Jari Andersson
Aug 12, 2010
Posted in category: 2010 Member Articles

Efficiency in ICT Sourcing - Is It Possible?

Efficiency in ICT Sourcing – Is It Possible?

In manufacturing, planning, fine-tuning and maintaining the throughput of the assembly line is of core importance. In the assembly itself the workflow may consist of automated or manual processes or both; the main thing is that the profitability of the assembly process as a whole can be maximized.

From the manufacturer’s point of view, the supply chain for the production starts relatively far away from the actual assembly line, namely, with the sourcing, or, purchasing function. In a typical example, when making mobile phones the contents of the product portfolios – the product mix, the models and their estimated life cycle, the technical platforms, applications and, of course, the parts – are known well in advance. This allows the purchasing function to plan ahead, forecast both the supply and the future demand, negotiate with the suppliers – and cut the best deals in terms of cost, quality and time.

Is it possible to attain similar efficiency and optimization in ICT sourcing? Or, is there a built-in magic in the ICT that turns sourcing and purchasing into something far more cryptic than, say, in Demand/Supply Chain Management? Interestingly, the “ICT Standard for Management” guidebook states in chapter 4 “Sourcing and Vendor Management” that one of the key objectives of ICT sourcing and vendor management is actually “Efficient, appropriate and timely sourcing of services and solutions by leveraging the expertise and insights of vendors”.

What this means in clear terms is that, Yes, it is possible to be efficient in ICT sourcing and, No, there is nothing in ICT sourcing that would make it inherently more difficult than industry sourcing. This is all good news. Now, what do we have to do to reach our goal, efficiency in ICT sourcing? As ICT sourcing is not dissimilar to manufacturers’ sourcing or purchasing the same basic rules apply.

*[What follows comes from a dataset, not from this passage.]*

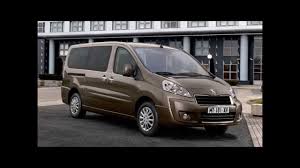 See more of teepee experience on facebook. Peugeot Expert Tepee Long 2015 Youtube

First of all, what the company wants the production produces. For that to happen as anticipated, structured and continuous dialogue between the Business and the Production is needed. In this context, when making a comparison, it is appropriate to substitute the word “Production” with the abbreviation “ICT”. In the ICT Standard, the dialogue and the related exchange of information to focus the ICT correctly are an integral part of the overarching stream Business Alignment and of one of its functions, Concept Development. It is easy to understand the benefits: When ICT sourcing is in the know of what is expected within a given period of time, the efficiency of both the plans and the execution increases.

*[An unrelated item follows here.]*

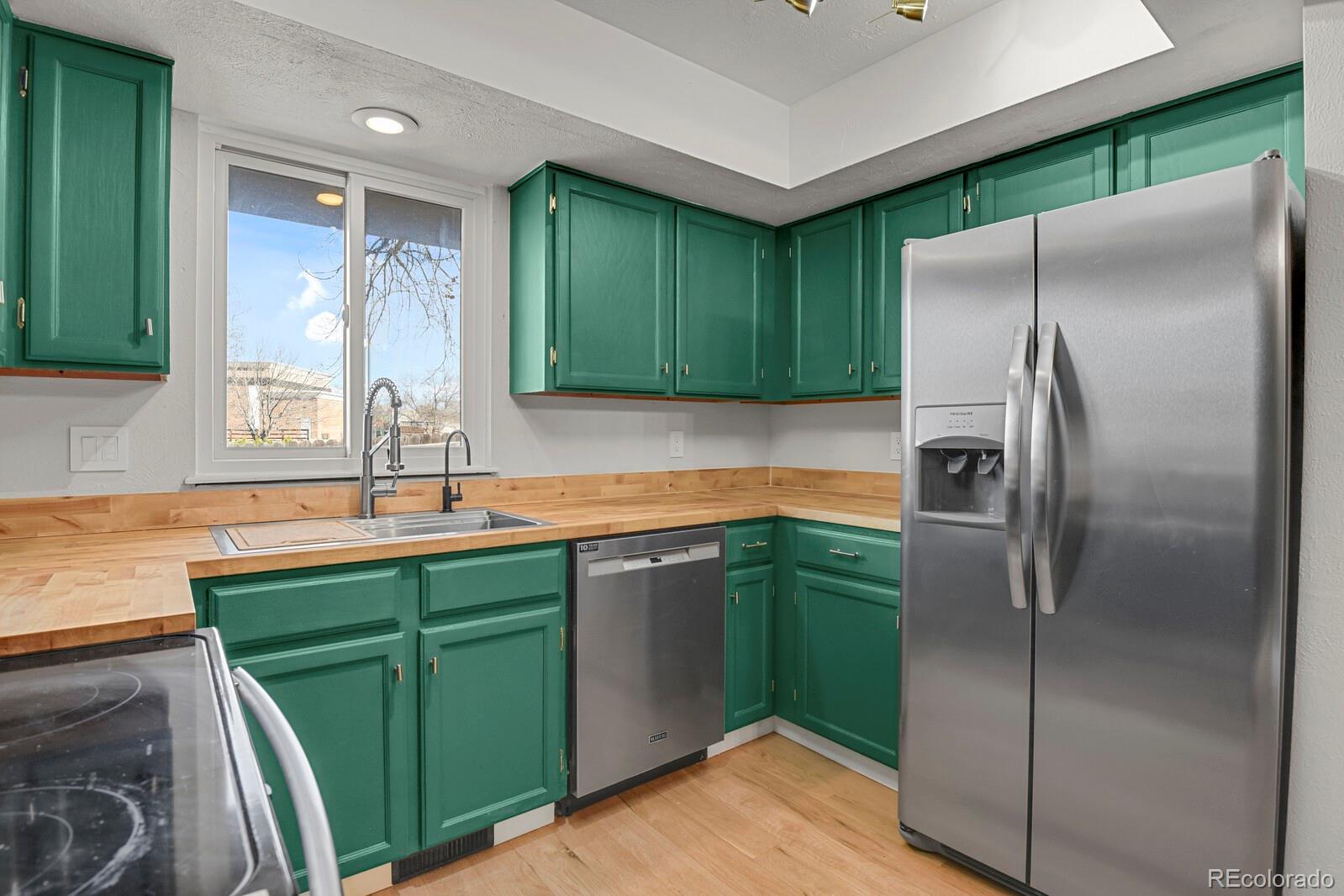 10806 W Evans Avenue Lakewood CO 80227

Secondly, as in manufacturing, supply management in a way that capitalizes on the vendors’ and suppliers’ business offering improves profitability. In this respect and irrespective of whether we contemplate on purchasing material goods, automated services, hired resources or special expertise, the demand for and the standard in quality, accuracy, cost-efficiency and business conformity remain the same. This highlights two things: 1) Sourcing needs to be focused on seriously – it is not an automated process, 2) As those responsible for the sourcing, we need to be on top of the process – otherwise the vendors run the show and we lose on efficiency and profitability.

Efficiency and optimization in ICT sourcing is an attainable goal. This requires, however, that both the Business and the ICT regard it as one of the fundamentals to focus on – and then act accordingly. As the “ICT Standard for Management” guidebook rightly puts it: “Well-managed Sourcing and Vendor Management benefits both the buyer and the provider by enabling supply and demand balancing, which results in more sustainable and productive cooperation.”